The Book of Human Emotions: From Ambiguphobia to Umpty - 154 Words from Around the World for How We Feel - Tiffany Watt Smith 2016
Disappear, The Desire To
There’s a man in New York who helps people vanish. He’ll forge you a new identity. Brush over your tracks using digital misdirection. And then send you off with a prepaid phone, and a one-way train ticket—paid for, of course, in cash.
It’s a tantalizing service. Who hasn’t, at one time or another, felt that urge to disappear completely? When life’s tangle of expectations and disappointments creeps in ever closer, when the CLAUSTROPHOBIA of debts and obligations stifles, running away is seductive.
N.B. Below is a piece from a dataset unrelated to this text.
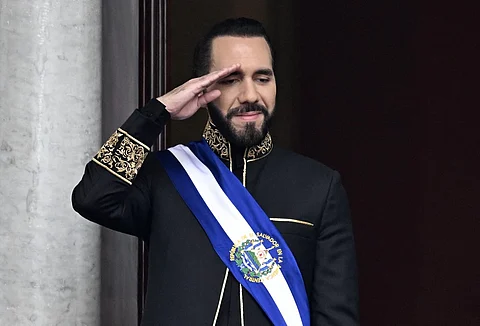 (FILES) El Salvador's President Nayib Bukele salutes during the military parade after being sworn in at the National Palace in downtown San Salvador on June 1, 2024. El Salvador's ruling-party-dominated Congress is discussing indefinite presidential reelection on July 31, 2025, aiming towards President Nayib Bukele's continued presidency. This reform also proposes extending the term of office from five to six years.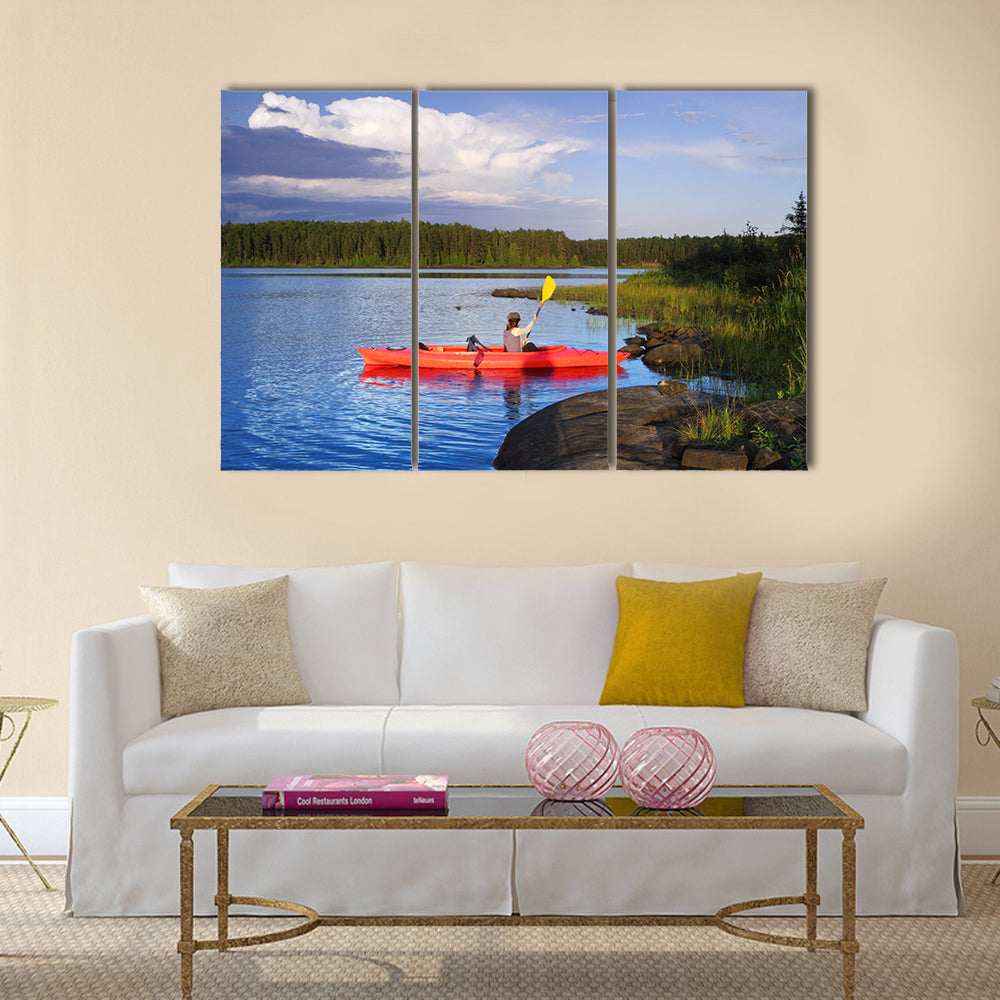 Woman canoeing in a beautiful lake at sunset Multi panel canvas wall art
In Neil LaBute’s play The Mercy Seat, Ben is offered “a chance… to totally erase the past,” on September 11, 2001. He was holed up with his lover when they should have been at work together in the World Trade Center. Now they can start a new life, officially, blamelessly dead.
For most of us it remains a fantasy, too seismic to risk even thinking about. Yet once in a while you dare yourself to try. You deliberately miss the next train or put off charging your phone. Then steal a few moments of pure solitude, and experience, briefly, the sensation of being outside everything—and glimpse what it might feel like to be truly inside yourself.